Ты умрешь пашкудново шмертью!

Я умираю, как храбрый седло!

Он, по обыкновению, так смешно передразнил, что я -- и не хотела, расхохоталась. А что, действительно был у нас в Москве в опере такой баритон Буховецкий -- еврей самый местечковый. Голос дивный, а мозг куриный. Грамоте едва знал и всякому печатному верил. Попался ему, на беду, клавир "Фауста" с опечаткой -- вместо "солдат" -- "седло". Он зазубрил добросовестно да так и умирал лет двадцать Валентином, как "храбрый седло"!..

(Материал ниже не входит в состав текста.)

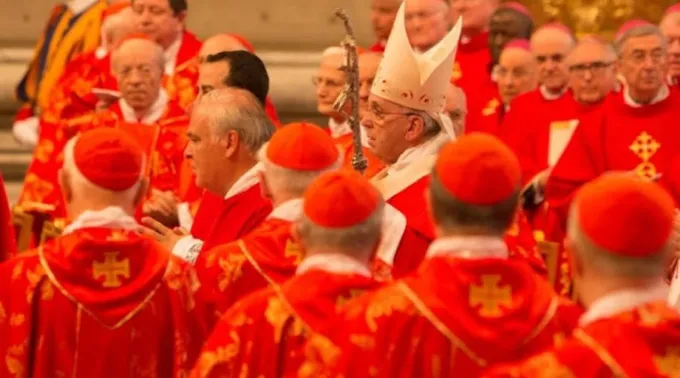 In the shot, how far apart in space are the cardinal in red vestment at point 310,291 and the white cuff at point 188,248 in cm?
135

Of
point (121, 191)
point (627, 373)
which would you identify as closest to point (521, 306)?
point (627, 373)

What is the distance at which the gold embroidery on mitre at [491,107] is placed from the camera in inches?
365

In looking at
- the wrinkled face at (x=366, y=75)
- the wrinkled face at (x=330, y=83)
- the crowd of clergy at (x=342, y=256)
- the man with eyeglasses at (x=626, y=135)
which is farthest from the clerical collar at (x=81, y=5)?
the wrinkled face at (x=366, y=75)

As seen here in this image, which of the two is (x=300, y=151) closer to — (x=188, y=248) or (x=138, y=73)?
(x=188, y=248)

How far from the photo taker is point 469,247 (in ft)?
14.3

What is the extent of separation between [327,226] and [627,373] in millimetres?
847

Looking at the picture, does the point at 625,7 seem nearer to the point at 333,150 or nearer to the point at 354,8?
the point at 354,8

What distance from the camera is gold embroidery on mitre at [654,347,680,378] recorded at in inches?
159

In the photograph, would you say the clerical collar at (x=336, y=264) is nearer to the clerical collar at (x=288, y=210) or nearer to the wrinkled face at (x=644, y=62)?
the clerical collar at (x=288, y=210)

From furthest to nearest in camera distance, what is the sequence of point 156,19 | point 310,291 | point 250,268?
point 156,19 < point 250,268 < point 310,291

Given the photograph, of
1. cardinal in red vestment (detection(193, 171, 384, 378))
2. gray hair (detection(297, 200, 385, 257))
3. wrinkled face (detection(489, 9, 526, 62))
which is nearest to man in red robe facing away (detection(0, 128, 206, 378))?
cardinal in red vestment (detection(193, 171, 384, 378))

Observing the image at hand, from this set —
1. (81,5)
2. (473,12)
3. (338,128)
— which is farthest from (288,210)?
(81,5)

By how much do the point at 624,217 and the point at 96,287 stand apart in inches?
60.4

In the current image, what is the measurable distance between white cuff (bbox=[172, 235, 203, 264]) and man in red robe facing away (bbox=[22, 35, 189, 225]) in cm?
174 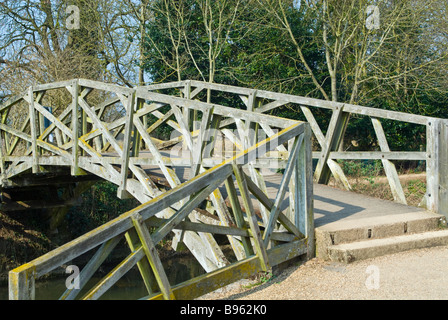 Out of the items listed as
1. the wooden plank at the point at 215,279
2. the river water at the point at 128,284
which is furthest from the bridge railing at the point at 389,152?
the river water at the point at 128,284

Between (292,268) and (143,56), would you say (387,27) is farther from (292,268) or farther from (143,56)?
(292,268)

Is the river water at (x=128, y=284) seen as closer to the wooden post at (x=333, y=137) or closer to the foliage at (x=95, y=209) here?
the foliage at (x=95, y=209)

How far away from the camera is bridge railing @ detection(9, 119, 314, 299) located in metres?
3.40

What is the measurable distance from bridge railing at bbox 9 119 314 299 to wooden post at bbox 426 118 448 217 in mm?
1789

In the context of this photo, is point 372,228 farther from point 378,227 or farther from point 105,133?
point 105,133

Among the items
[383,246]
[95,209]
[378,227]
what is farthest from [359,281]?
[95,209]

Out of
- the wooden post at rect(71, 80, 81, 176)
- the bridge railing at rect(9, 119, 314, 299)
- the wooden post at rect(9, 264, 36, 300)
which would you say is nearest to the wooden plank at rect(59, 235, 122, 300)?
the bridge railing at rect(9, 119, 314, 299)

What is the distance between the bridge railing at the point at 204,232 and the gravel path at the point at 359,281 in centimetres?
19

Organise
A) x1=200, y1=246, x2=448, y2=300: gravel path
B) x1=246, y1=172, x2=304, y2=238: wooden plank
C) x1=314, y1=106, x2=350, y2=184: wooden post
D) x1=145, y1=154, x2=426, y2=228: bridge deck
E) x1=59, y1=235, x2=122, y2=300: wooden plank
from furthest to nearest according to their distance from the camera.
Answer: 1. x1=314, y1=106, x2=350, y2=184: wooden post
2. x1=145, y1=154, x2=426, y2=228: bridge deck
3. x1=246, y1=172, x2=304, y2=238: wooden plank
4. x1=200, y1=246, x2=448, y2=300: gravel path
5. x1=59, y1=235, x2=122, y2=300: wooden plank

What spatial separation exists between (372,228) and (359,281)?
3.70 feet

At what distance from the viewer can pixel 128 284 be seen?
1211cm

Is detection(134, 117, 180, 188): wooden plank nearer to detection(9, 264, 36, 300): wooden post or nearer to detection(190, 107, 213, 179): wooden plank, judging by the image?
detection(190, 107, 213, 179): wooden plank

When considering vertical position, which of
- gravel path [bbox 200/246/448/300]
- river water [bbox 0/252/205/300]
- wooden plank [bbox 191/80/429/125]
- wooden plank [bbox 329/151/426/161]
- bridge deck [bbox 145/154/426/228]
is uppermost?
wooden plank [bbox 191/80/429/125]

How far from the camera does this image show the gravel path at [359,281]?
13.6ft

-- Нет, серьезно предполагая, Поль?

-- Не могу я предполагать серьезно того, что в шутку звучит бессмыслицей.

-- Как будто уж все осмысленно в жизни и никогда не овладевает ею бессмыслица!

-- Замечание философское, но по ассоциации идей наводит на воспоминания о Преображенской больнице, горячечной рубашке, профессоре Корсакове и прочих субъектах и объектах, призываемых на помощь против бессмыслицы, когда она овладевает жизнью...

"Так-с,-- думаю,-- слышал бы Галактион!" А брат говорит:

-- Надо порасспросить наших педагогов, не знают ли они каких-нибудь охотников на квартиру... А нет -- объявим в "Русских ведомостях"...

-- Это лучше,-- одобряю. -- И знаешь -- как? "По случаю отъезда брата сестра, девица 27 лет, передает квартиру, 5 комнат, со всеми удобствами. Для холостых и вдовцов -- с невестою".

Он сделал мне гримасу и возразил:

-- Так тебе и напечатали! Там, душа моя, народ серьезный! Профессора!